< Jesaja 61 >
1 De Geest des Heeren HEEREN is op Mij, omdat de Heere Mij gezalfd heeft, om een blijde boodschap te brengen den zachtmoedigen; Hij heeft Mij gezonden om te verbinden de gebrokenen van harte, om den gevangenen vrijheid uit te roepen, en den gebondenen opening der gevangenis;
Umoya kaThixo Wobukhosi uphezu kwami, ngoba uThixo ungigcobile ukuba ngitshumayele izindaba ezinhle kwabampofu. Ungithumile ukuba ngibophe inhliziyo ezidabukileyo, ngimemezele ukukhululwa kwabathunjiweyo, lokukhululwa kwezibotshwa emnyameni,
2 Om uit te roepen het jaar van het welbehagen des HEEREN, en den dag der wraak onzes Gods; om alle treurigen te troosten;
lokumemezela umnyaka womusa kaThixo, losuku lokuphindisela kukaNkulunkulu wethu; ukududuza abalilayo,
3 Om den treurigen Sions te beschikken dat hun gegeven worde sieraad voor as, vreugdeolie voor treurigheid, het gewaad des lofs voor een benauwden geest; opdat zij genaamd worden eikebomen der gerechtigheid, een planting des HEEREN, opdat Hij verheerlijkt worde.
lokunakekela labo abadabukileyo eZiyoni, ukubapha umqhele wobuhle esikhundleni somlotha, amafutha okujabula esikhundleni sokulila, lengubo yokudumisa esikhundleni somoya wokulahla ithemba.
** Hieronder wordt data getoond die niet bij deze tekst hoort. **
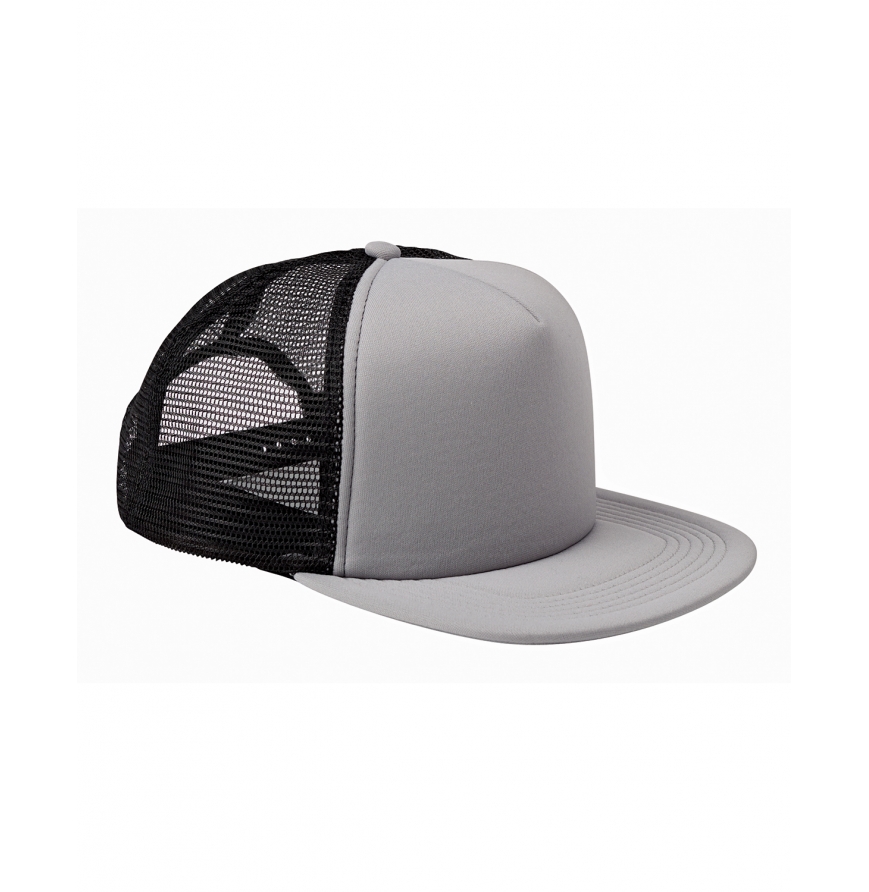 STEEL-BLACK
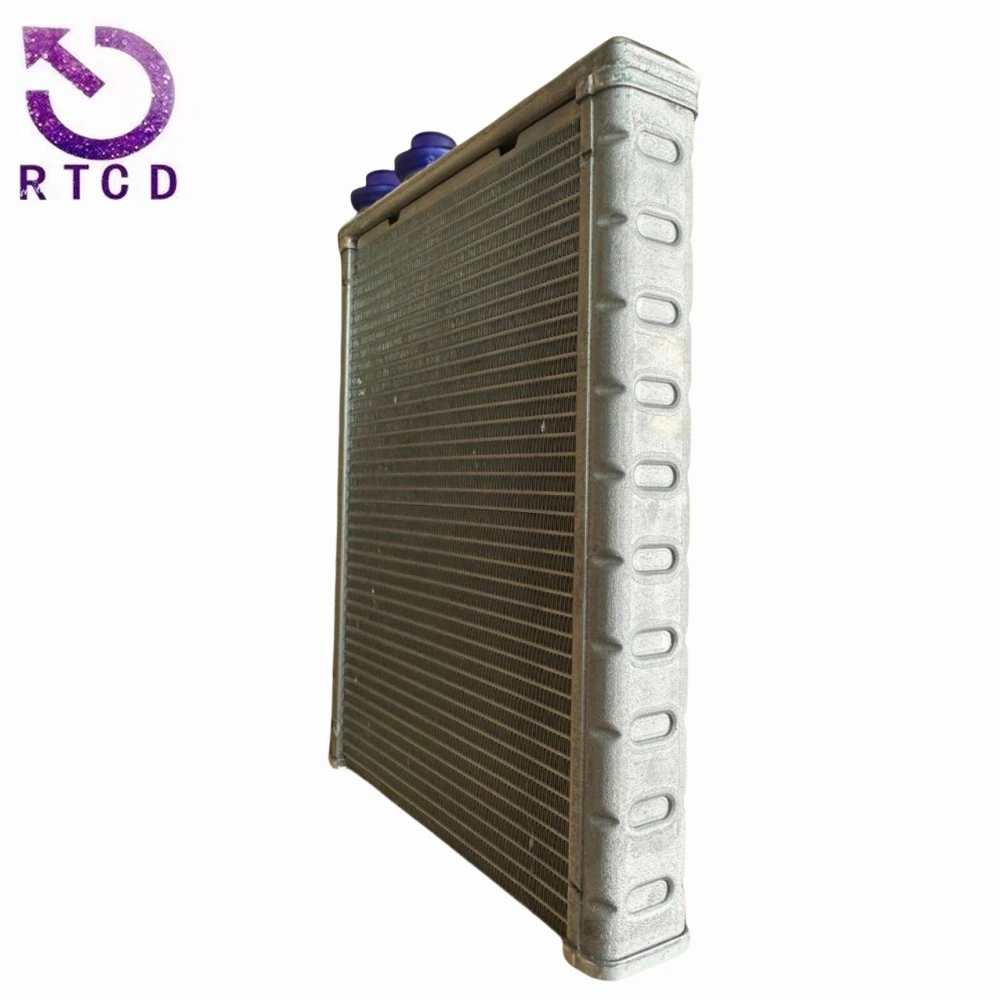 Air Conditioning Warm Air Heat Exchanger YL01622580 9840556680 For Peugeot 2008 (P24C) 2019-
Bazabizwa ngokuthi yimʼokhi yokulunga, ehlanyelwe nguThixo ukuba abonakalise inkazimulo yakhe.
4 En zij zullen de oude verwoeste plaatsen bouwen, de vorige verstoringen weder oprichten, en de verwoeste steden vernieuwen, die verstoord waren van geslacht tot geslacht.
Bazavuselela njalo amanxiwa asendulo bavuse lezindawo ezadilizwa kudala. Bazavuselela amadolobho adilikayo aleminyaka eminengi adilika.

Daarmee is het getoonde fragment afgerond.